Task goal
From the entries below, write out exactly the lines between the line holding "Antique Gold Busy" and the line holding "Slingbacks Pink Niedriger", inclusive, excluding any pictures.
*** Dataset excerpts
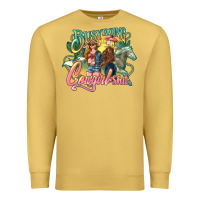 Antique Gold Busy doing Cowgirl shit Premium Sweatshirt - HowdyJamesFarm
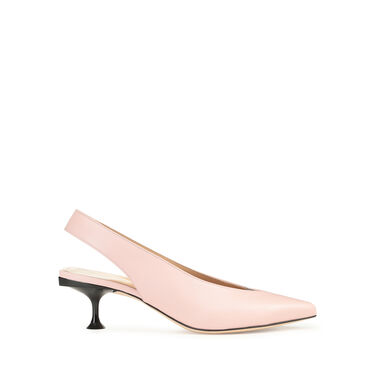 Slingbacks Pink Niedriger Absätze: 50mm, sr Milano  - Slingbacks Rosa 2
******
*** Dataset excerpts
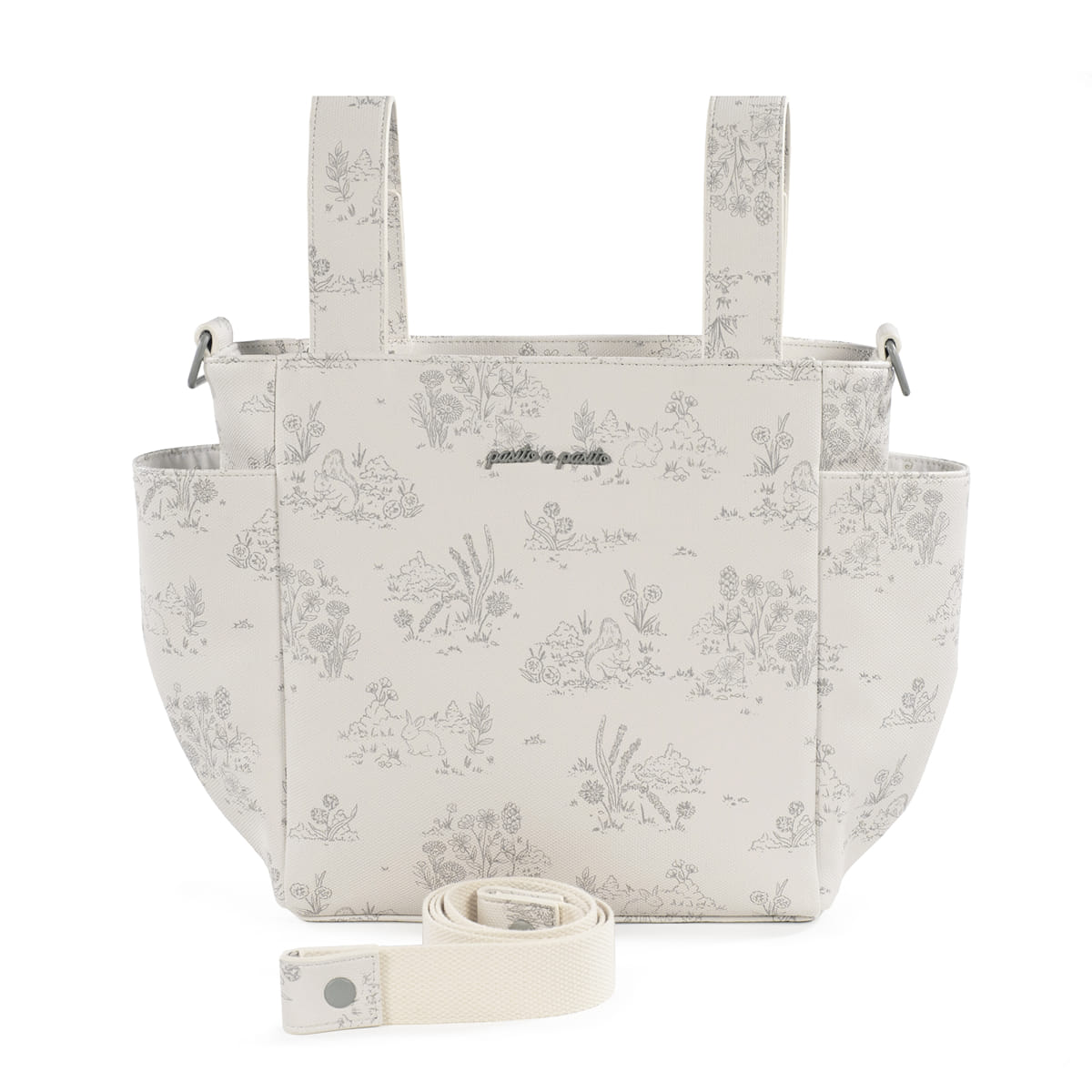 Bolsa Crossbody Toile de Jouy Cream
******
*** Dataset excerpts
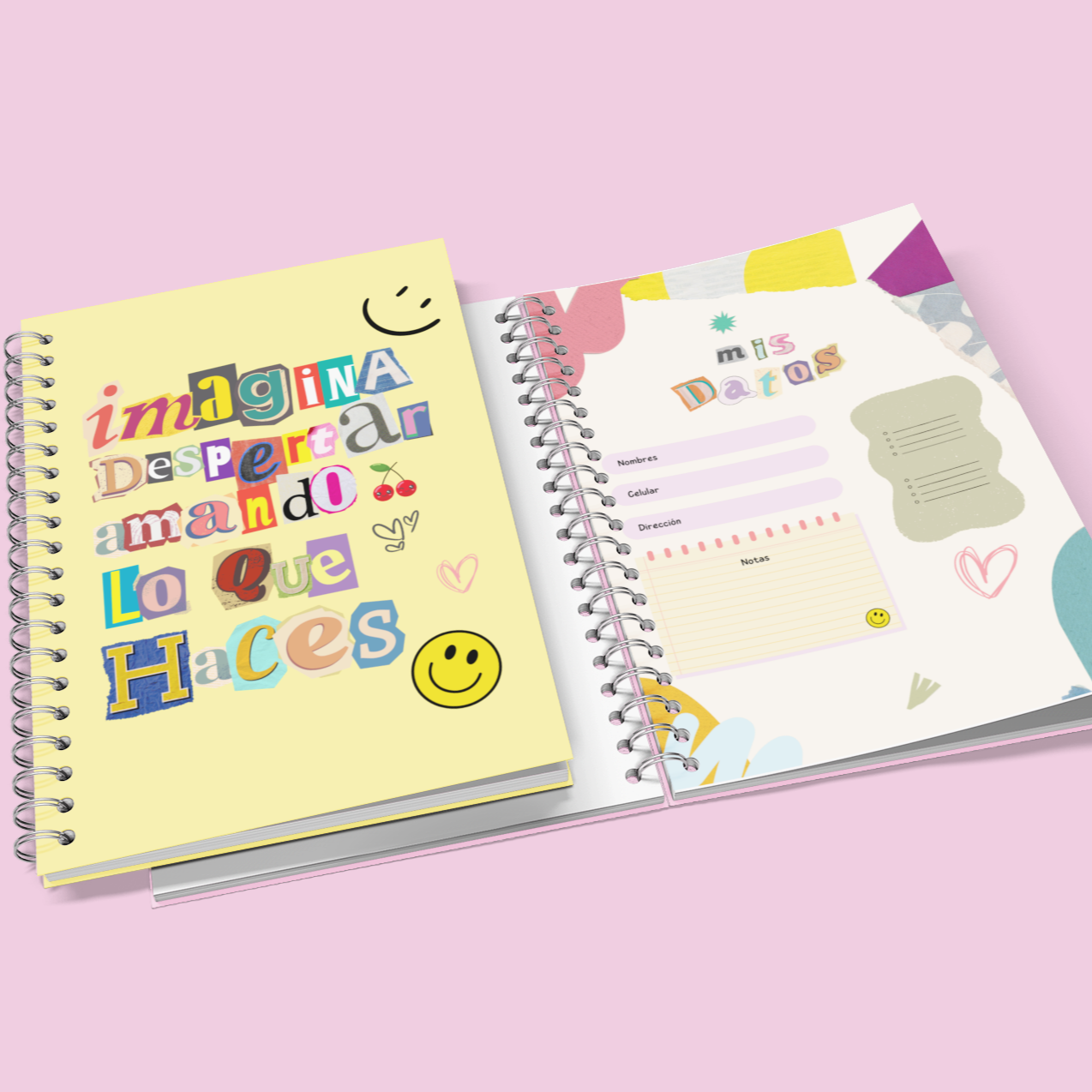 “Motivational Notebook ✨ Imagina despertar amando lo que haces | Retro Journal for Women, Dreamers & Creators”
******
Completed task
 Antique Gold Busy doing Cowgirl shit Premium Sweatshirt - HowdyJamesFarm
 Slingbacks Pink Niedriger Absätze: 50mm, sr Milano  - Slingbacks Rosa 2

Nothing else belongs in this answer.